Entre Saumur et Chinon, au cœur de la vallée de la Loire, l’Abbaye de Fontevraud est un lieu hors du temps. Fondée il y a près de mille ans, cette abbaye a connu une riche histoire. Centre spirituel majeur, nécropole royale des Plantagenêts ou encore terrifiante prison, Fontevraud est désormais un formidable lieu culturel.
Cette abbaye pas comme les autres abrite aussi un hôtel et un restaurant étoilé offrant une expérience de visite unique en France dans un monument historique.
Alors quelle est l’histoire de l’abbaye de Fontevraud et que peut-on y voir ? Tour d’horizon de ce joyau inscrit au patrimoine mondial de l’UNESCO.
Article réalisé en collaboration avec l’Abbaye royale de Fontevraud
Sommaire
L’histoire de l’abbaye de Fontevraud
Une abbaye visionnaire née au Moyen Âge
Fondée en 1101 par le prédicateur itinérant Robert d’Arbrissel, l’abbaye de Fontevraud se distingue dès l’origine par son esprit novateur. Loin des normes de son époque, Robert d’Arbrissel y crée un ordre double – associant une communauté d’hommes et une communauté de femmes – placé sous l’autorité d’une abbesse, une révolution religieuse et sociale pour le Moyen Âge ! 36 abbesses se succèderont ainsi à la tête de l’abbaye.
Très vite, Fontevraud devient un centre spirituel majeur et essaime de l’Espagne à l’Angleterre où de nombreux prieurés s’établissent : à la mort de Robert d’Arbrissel en février 1116, on en compte près d’une trentaine ; à la fin du siècle, une centaine !

La nécropole des Plantagenêts : un lieu chargé de mémoire
L’abbaye n’est pas seulement un haut lieu spirituel : elle est aussi une prestigieuse nécropole royale. L’abbaye est en effet rapidement soutenue par les comtes d’Anjou et notamment par les Plantagenêts : Henri II et sa femme, Aliénor d’Aquitaine, y confient leurs deux plus jeunes enfants : Jeanne et Jean.
À la mort d’Henri II Pantagenêt, Aliénor choisit Fontevraud pour nécropole royale, à l’image de Saint-Denis pour la dynastie capétienne. Son époux, décédé à Chinon, est enterré à Fontevraud. Il sera rejoint dix ans plus tard par leur fils Richard Coeur de Lion et, cette même année, par leur fille Jeanne.

Aliénor décédée en 1204 à Poitiers, parachève cette nécropole en rejoignant pour la postérité les autres membres de sa famille. Leurs gisants polychromes, conservés dans l’abbatiale, constituent l’un des témoignages médiévaux les plus émouvants d’Europe.

Au début du XIIIe siècle, le déclin de l’abbaye coïncide avec la fin de l’Empire Plantagenêt.
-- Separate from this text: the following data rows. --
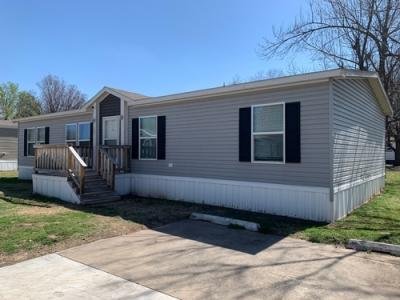 Mobile Home at 9009 NW 10th St Trlr Oklahoma City, OK 73127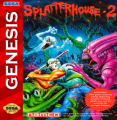 Splatterhouse 2 [x]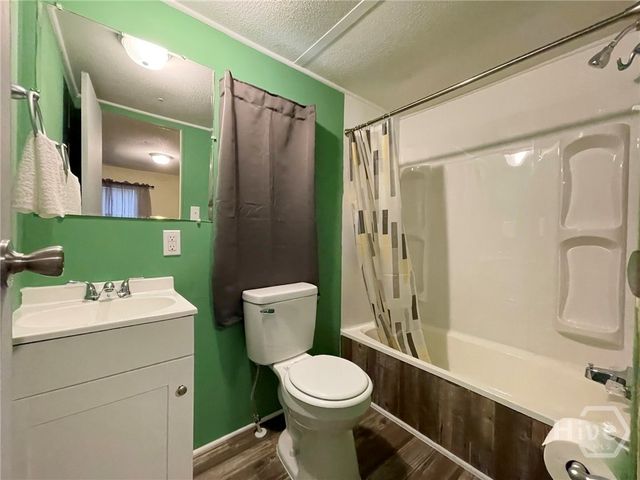 87 Wye Road, Midway, GA 31320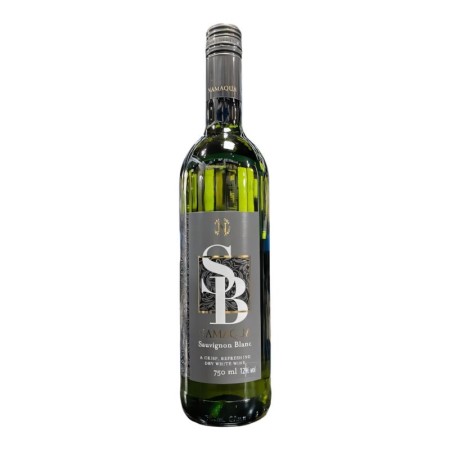 NAMAQUA SAUVIGNON BLANC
Fontevraud renait de ses cendres au XVIe siècle, époque au cours de laquelle on assiste à une mainmise de pouvoir royal sur l’église de France. Les abbesses ne sont désormais plus élues mais directement désignées par le roi. Cinq abbesses issues de la dynastie des Bourbon vont ainsi se succéder à Fontevraud durant près de 150 ans. Elles reconstruisent l’abbaye et font de Fontevraud un lieu spirituel et intellectuel de premier ordre.
Une transformation radicale : de l’abbaye à la prison
Avec la Révolution française, Fontevraud subit un profond bouleversement. Outre la suppression de la dîme qui prive l’abbaye d’une importante manne financière, le coup de grâce arrive lorsque les biens du clergé sont déclarés biens nationaux. Les religieux sont évacués de l’abbaye en 1792, le mobilier est vendu et l’abbaye pillée.
En 1804, un décret napoléonien reconvertit l’abbaye de Fontevraud en maison centrale de détention, une fonction qu’elle conservera pendant plus de 150 ans, jusqu’en 1963 !
De 1804 à 1814, les bâtiments conventuels sont profondément remaniés, adaptés à la vie carcérale. Paradoxalement, cette réaffectation permit de préserver les lieux des destructions massives subies sur de nombreux autres édifices religieux.
Initialement conçue pour accueillir près de 800 détenus, la centrale de Fontevraud en comptera jusqu’à 2800 provenant de 19 départements ! En raison d’une architecture peu adaptée à cette fonction, avec de nombreuses portes et fenêtres, on craint les évasions et les conditions de détentions y sont très difficiles à tel point que Fontevraud est considérée comme la centrale pénitentiaire la plus dure de France.
La renaissance de Fontevraud
En 1840, Prosper Mérimée, inspecteur des monuments historiques, classe l’abbaye de Fontevraud sur la première liste des monuments historiques. Cette reconnaissance n’équivaut pas pour autant à la mise en oeuvre immédiate de restaurations. Ce n’est qu’au début du XXe siècle, sous la direction de l’architecte Lucien Magne, que l’abbatiale et les célèbres cuisines de Fontevraud peuvent bénéficier d’une restauration complète. 1963 marque la fermeture définitive de la prison angevine. Le site est dès lors progressivement placé sous l’autorité du ministère de la culture.
En 1975, l’abbaye intègre le réseau des centres culturels de rencontres. Dès lors sa vocation culturelle et artistique s’affirme par la mise en place de concerts, d’artistes en résidences, d’expositions dédiées à la création contemporaine et au patrimoine. Cette offre est complétée depuis 2021 par la présence d’un musée d’Art moderne regroupant sur le site la collection nationale Martine et Léon Cligman.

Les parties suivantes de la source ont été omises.